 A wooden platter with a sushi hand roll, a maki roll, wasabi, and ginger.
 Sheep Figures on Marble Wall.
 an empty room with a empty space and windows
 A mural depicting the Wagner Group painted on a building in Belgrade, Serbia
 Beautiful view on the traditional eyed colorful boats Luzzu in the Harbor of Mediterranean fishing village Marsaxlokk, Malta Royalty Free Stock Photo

What is expected |
Could you output the records in full, exactly as written?

Written solution |
 A wooden platter with a sushi hand roll, a maki roll, wasabi, and ginger.
 Sheep Figures on Marble Wall.
 an empty room with a empty space and windows
 A mural depicting the Wagner Group painted on a building in Belgrade, Serbia
 Beautiful view on the traditional eyed colorful boats Luzzu in the Harbor of Mediterranean fishing village Marsaxlokk, Malta Royalty Free Stock Photo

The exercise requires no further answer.